Hi @jakirkham I forgot about this one. Would using LZ4FrameOutputStream
in N5 work for zarr? We could introduce this as a parameter like in GzipCompression
to switch between Gzip and Zlib and then there is at least some intersection?
No worries. Me too. Thanks for looking into this. 🙂
I think so. We would have to test it on some data to be sure.
Sure that could be reasonable. I think we won't be able to reproduce the current Java blocked algorithm in Python, but as long as we have something in common we should be ok. Probably will need some documentation once it is all sorted out.
Hi folks, took a brief look into this, here's the options (I think)...
The current LZ4 codec in numcodecs does the simplest possible thing, which is to add a 4 byte header to store the length of the uncompressed data, then it compresses all the data in a single call to LZ4_compress_fast. So the output is 4 byte header + single block of compressed data.
The Java LZ4FrameOutputStream uses the LZ4 frame format, which has a different header + multiple blocks of compressed data + final checksum.

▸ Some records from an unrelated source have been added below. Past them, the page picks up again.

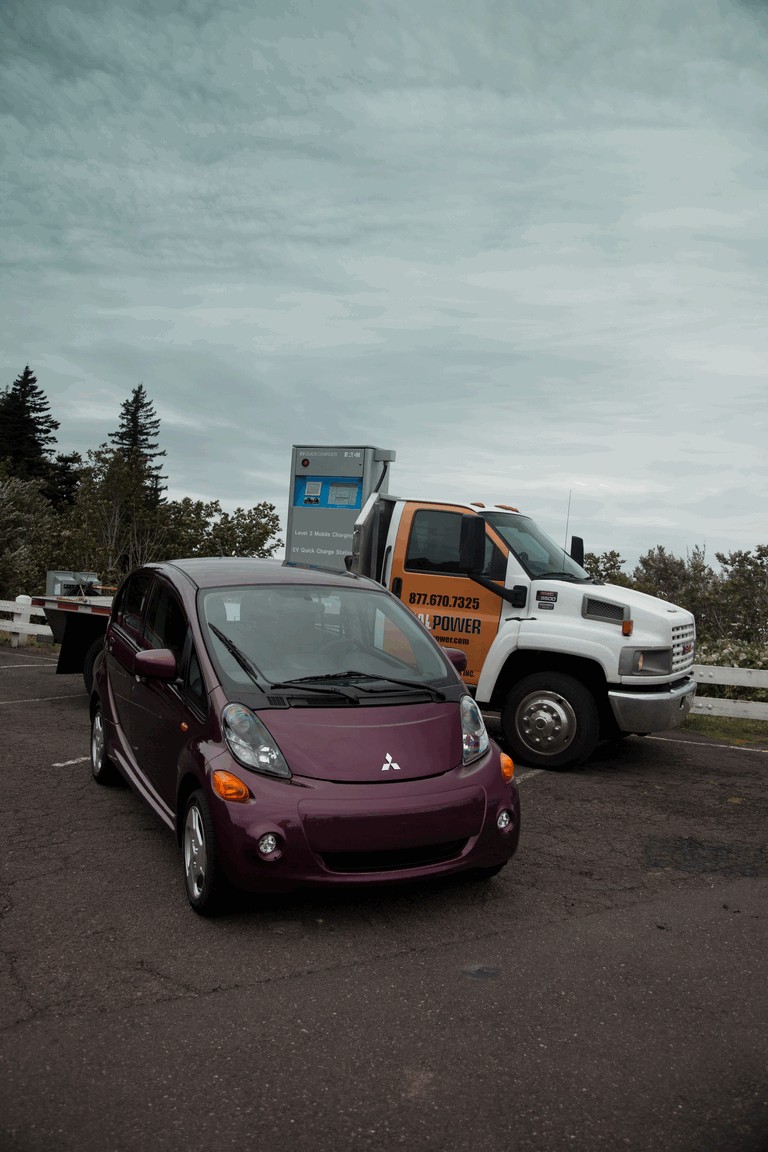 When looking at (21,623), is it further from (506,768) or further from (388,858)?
(388,858)

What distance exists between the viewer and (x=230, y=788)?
4434mm

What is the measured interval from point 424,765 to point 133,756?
7.46ft

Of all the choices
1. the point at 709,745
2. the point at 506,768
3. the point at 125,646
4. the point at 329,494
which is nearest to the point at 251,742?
the point at 506,768

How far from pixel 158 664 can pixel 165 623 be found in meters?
0.74

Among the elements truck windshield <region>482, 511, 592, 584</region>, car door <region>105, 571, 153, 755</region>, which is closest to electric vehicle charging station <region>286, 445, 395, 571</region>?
truck windshield <region>482, 511, 592, 584</region>

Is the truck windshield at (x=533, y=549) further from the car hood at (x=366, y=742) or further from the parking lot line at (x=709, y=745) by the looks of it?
the car hood at (x=366, y=742)

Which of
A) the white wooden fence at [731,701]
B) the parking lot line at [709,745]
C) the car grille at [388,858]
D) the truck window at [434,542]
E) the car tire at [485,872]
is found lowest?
the parking lot line at [709,745]

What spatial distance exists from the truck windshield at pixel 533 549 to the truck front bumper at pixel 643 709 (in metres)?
1.24

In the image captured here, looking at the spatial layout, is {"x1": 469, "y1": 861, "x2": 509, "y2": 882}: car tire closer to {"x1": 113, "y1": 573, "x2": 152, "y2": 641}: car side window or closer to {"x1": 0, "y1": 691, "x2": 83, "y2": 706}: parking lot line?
{"x1": 113, "y1": 573, "x2": 152, "y2": 641}: car side window

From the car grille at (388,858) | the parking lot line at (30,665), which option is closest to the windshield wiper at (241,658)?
the car grille at (388,858)

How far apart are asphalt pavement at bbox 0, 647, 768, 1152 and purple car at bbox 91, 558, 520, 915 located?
0.33 metres

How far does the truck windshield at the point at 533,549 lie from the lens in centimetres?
888

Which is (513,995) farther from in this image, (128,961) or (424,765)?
(128,961)

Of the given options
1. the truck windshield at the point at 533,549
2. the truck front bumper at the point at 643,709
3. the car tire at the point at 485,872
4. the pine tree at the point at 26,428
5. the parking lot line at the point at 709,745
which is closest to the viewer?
the car tire at the point at 485,872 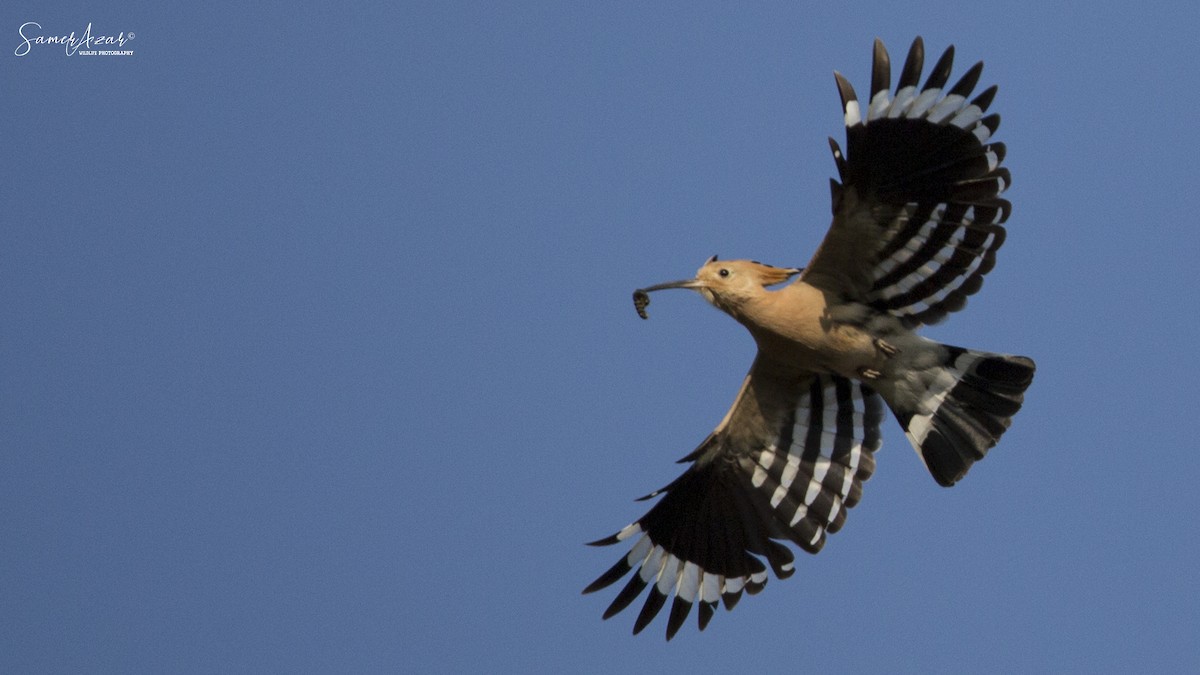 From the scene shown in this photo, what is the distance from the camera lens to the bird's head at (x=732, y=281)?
7.68m

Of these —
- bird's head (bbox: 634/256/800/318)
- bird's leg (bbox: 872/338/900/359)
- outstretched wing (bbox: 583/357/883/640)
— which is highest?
bird's head (bbox: 634/256/800/318)

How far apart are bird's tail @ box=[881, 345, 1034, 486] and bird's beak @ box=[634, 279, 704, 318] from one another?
1070 millimetres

So option 1 would be that n5-java switches to use LZ4FrameOutputStream and we change numcodecs to also use the LZ4 frame format. (In numcodecs that would actually need to be implemented as a new codec, because it is a different format from the current "lz4" codec.)
Option 2 would be that n5-java switches to use the same encoding as the current numcodecs lz4 codec, i.e., 4 byte header plus single block of compressed data.
Both approaches are fine by me, just trying to lay out the options.
Is there still an outstanding issue here? We were discussing this at the OME-Zarr NGFF meeting.
I am pretty sure that is still a problem; lz4 is not supported in the zarr N5Store
yet, see https://github.com/zarr-developers/zarr-python/blob/master/zarr/n5.py#L403-L469.
It appears that LZ4 support in N5 differs from Zarr. Have not had a chance to dive deeply into it, but here is the gist.
N5 is using the lz4-java library here to compress chunks. This lz4-java library provides its own custom blocked format.
Zarr's Numcodecs library uses
LZ4_compress_fast
, which comes from the lz4 C library.Encountered this issue with
N5Store
in PR ( https://github.com/zarr-developers/zarr/pull/309 ). So disabled LZ4 support inN5Store
for now. Not entirely sure how to bridge the gap between these two, but figured I'd raise this here for awareness and discussion.